Results in: ├── Validated (>= X%) → [Next step: prototype, MVP, invest, etc.] ├── Invalidated (< Y%) → [Next step: pivot, abandon, retest, etc.] └── Inconclusive (Y-X% range) → [Next step: adjust and rerun, gather more data, etc.]


## Results (Fill After Running)

**Status**: [Not started / Running / Complete]
**Run dates**: [Start] to [End]
**Sample size achieved**: [N] of [Target N]

### Raw Data

| Metric | Target | Actual | Status |
|--------|--------|--------|--------|
| Primary: [metric] | >= [X]% | [actual]% | Pass / Fail / Inconclusive |
| Secondary: [metric] | [target] | [actual] | Pass / Fail / Inconclusive |

### Outcome

**Verdict**: [Validated / Invalidated / Inconclusive]

### Key Observations
- [What surprised us]
- [What confirmed expectations]
- [What we'd do differently]

### Decision
[What we're doing based on these results]

### Assumptions Updated
- [A-NNN]: [Validated / Invalidated] based on [evidence]

Instructions

  1. Start with the XYZ Hypothesis. If the user can't articulate an XYZ hypothesis, help them form one before designing the pretotype. A pretotype without a clear hypothesis is just playing.
  2. Always define what the pretotype is NOT testing. This prevents over-interpreting results.
  3. Insist on "skin in the game" metrics. Stated intent ("I'd use that!") is not validation.
  4. Keep setups minimal. If your pretotype takes more than a week to set up, it's too complex. Consider a simpler pretotype type.
  5. The decision tree must be defined BEFORE running. Deciding success criteria after seeing results is confirmation bias.
  6. Connect to existing assumptions from
    /assumption-map
    . A pretotype should validate a specific assumption.
  7. Save pretotype plans to
    {Product}/Product/pretotypes/
    or
    {Product}/Product/experiments/
    .
  8. After completion, run
    /compound
    to extract learnings and update assumption status via
    /context-save
    .
  9. When updating with results, be honest about the verdict.

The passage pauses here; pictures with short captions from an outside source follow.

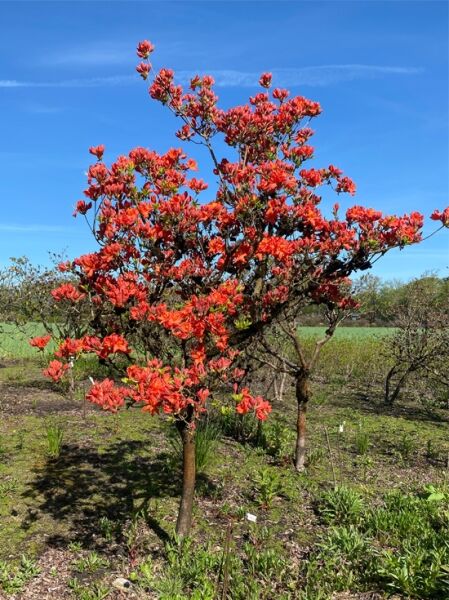 Laubabwerfende Azalee 'Fridjof Nansen' (Nr. 1377) / Azalea luteum 'Fridtjof Nansen' (Knap-Hill) 140 cm breit x 230 cm hoch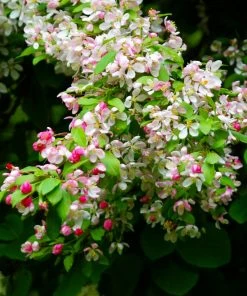 Brighter Blooms Red Delicious Apple Tree 8 Brighter Blooms Red Delicious Apple Tree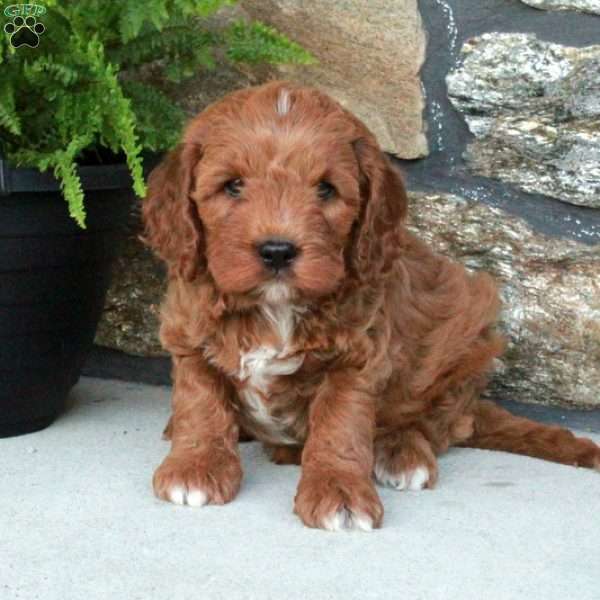 Simon, Cavapoo Puppy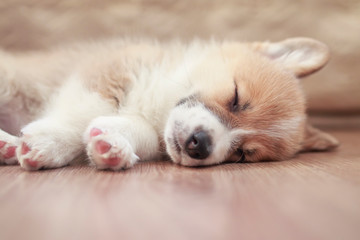 cute little puppy Corgi dog sleeping sweetly on the wooden floor with closed eyes and stretched legs
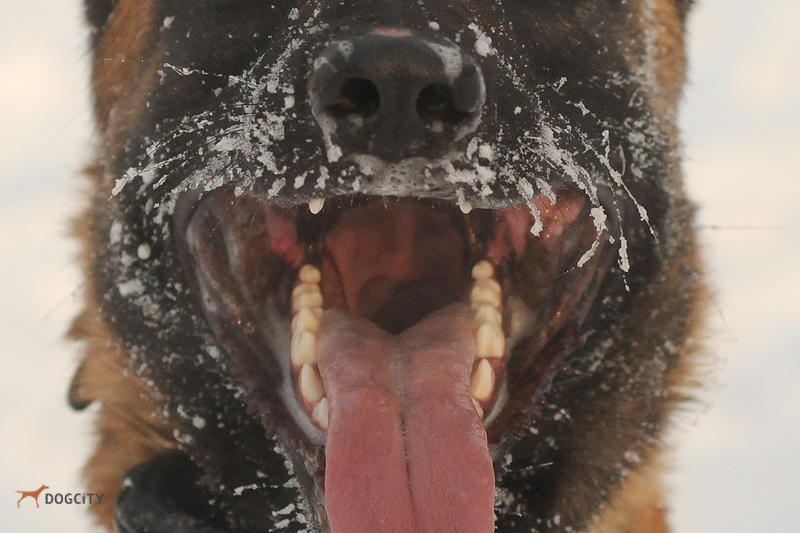 DSC_3943.JPG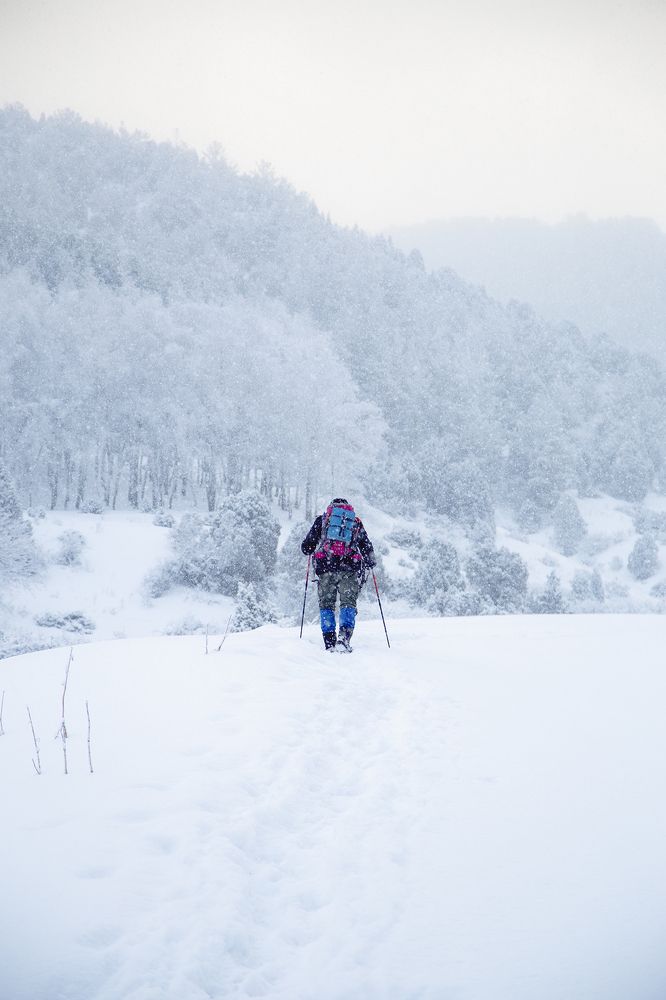 Snowfall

Inconclusive is a valid outcome that requires action, not dismissal.

Integration

  • Feeds from:
    /assumption-map
    (which assumptions to test),
    /strategic-bet
    (which bets to de-risk)
  • Feeds into:
    /experiment-design
    (more rigorous follow-up experiments),
    /context-save
    (learnings),
    /compound
    (learning extraction)
  • Related to but distinct from:
    /experiment-design
    (pretotypes are pre-experiment; experiments are more rigorous and come later)
  • Can trigger: Go/no-go decisions on prototyping or MVP investment

Vision to Value Operating Principle

"The graveyard of failed products is full of things that were built right but were the wrong thing to build. Pretotyping is the cheapest insurance against building something nobody wants."